As Yahoo Finance's Ben Werschkul reported Monday, the odds of a US government shutdown coming at the end of the month rose sharply over the weekend.

And after a 43-day shutdown complicated the Federal Reserve's task in the fall with data delayed or canceled, the same challenge could face the central bank ahead of its March meeting.

This is the meeting, notably, that many on Wall Street expect to see the Fed cut rates again.

\\"Should another extended shutdown occur, it would leave the FOMC in a tricky spot,\\" wrote Wells Fargo economists Michael Pugliese and Tom Porcelli in a note on Monday.

\\"The lack of visibility that arises from receiving limited economic data could thrust an already divided FOMC into a period of stasis. Fed officials lamented the lack of clarity on inflation during the last shutdown. We expect they would again use this argument to delay additional cuts. We have maintained that the window is closing for the Fed to cut rates again under Chair Powell, and another extended shutdown would not help.\\"

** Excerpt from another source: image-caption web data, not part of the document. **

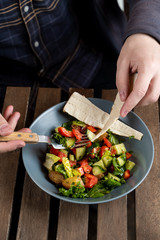 Young man is having a light meal with warm seasonal salad with baked jacket potato, served with flat bread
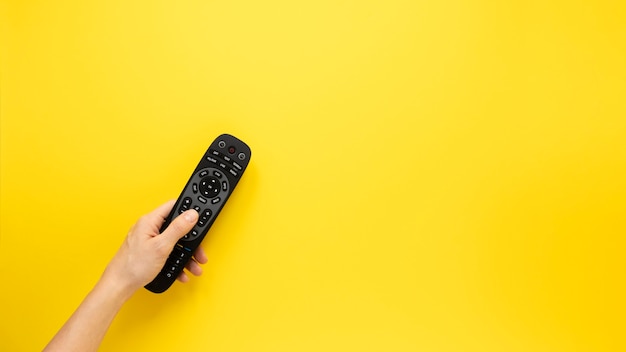 Person holding remote on yellow background with copy space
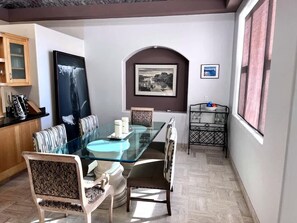 Un comedor con mesa de vidrio, sillas acolchadas y un cuadro enmarcado en la pared.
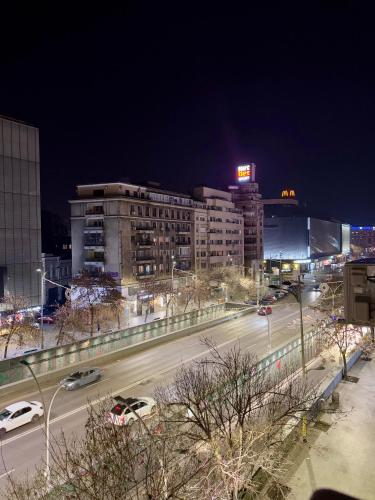 a city at night with cars driving on a highway at Jacuzzi Old Town Escape in Bucharest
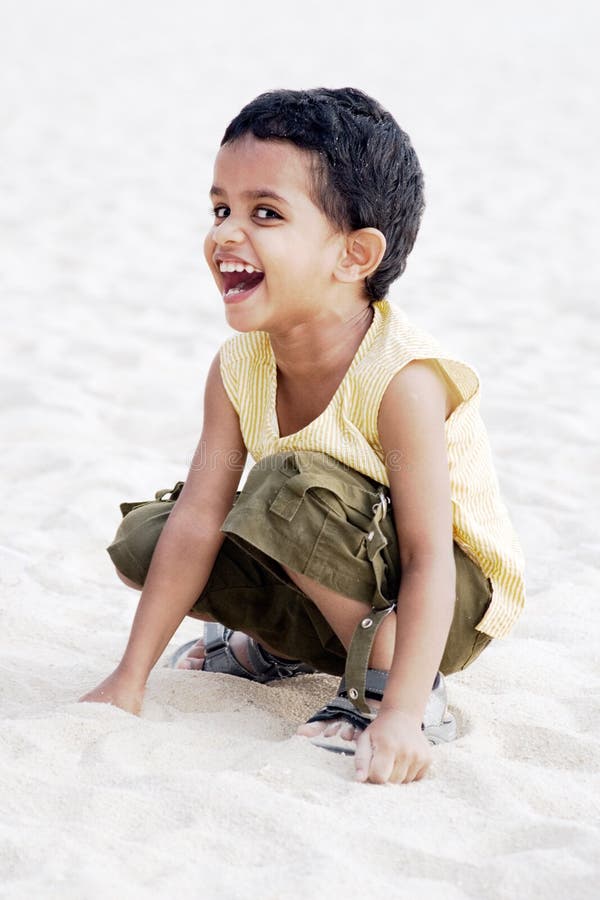 Little boy laughing while playing at the beach. Little boy laughing while playing at the beach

US Treasury yields declined on Monday while stocks and gold rose ahead of the Federal Reserve's policy meeting and a busy week of Big Tech earnings.

The 10-year yield (^TNX) declined 2 basis points to 4.21%, while the 30-year yield (^TYX) also dropped 2 basis points to 4.8% as the odds of a government shutdown rose following a shooting in Minneapolis.

Long-dated yields continued to ease after a sell-off in Japanese bonds and geopolitical tensions led to a spike last week. While bouts of turmoil in markets and questions over Fed independence have created volatility to start 2026, investors broadly view the US economy as stable and expect the Fed to hold interest rates steady.

Read more about Monday's market action in stocks, gold, and more.

While investors expect the Federal Reserve will make no change to its interest rate policy on Wednesday, how many FOMC officials vote against the action could emerge as the biggest headline from the meeting.

In December, three officials voted against the Fed's decision to cut rates by 0.25% — Fed Governor Stephen Miran voted for the Fed to cut rates by 0.50%, while Kansas City Fed and Chicago Fed presidents Jeff Schmid and Austan Goolsbee both would've preferred the central bank keep rates unchanged.

Both Schmid and Goolsbee issued statements in the days following the meeting to elaborate on their thinking.

This also marked the first time since 2019 that there were dissents on both sides of the Fed's decision.

The first Federal Open Market Committee meeting of 2026 is expected to see the central bank make no change to its benchmark interest rate target, which currently stands in a range of 3.5%-3.75%.

“I don’t think there will be a whole lot of activity other than holding rates. The Fed is at a point where they can be patient, and we don’t need to do anything. Short, sweet,” said Wilmer Stith, senior bond portfolio manager for Wilmington Trust.

“I think it’ll be see what data says, decide, and wait for more data and decide, gently gliding down their landing.”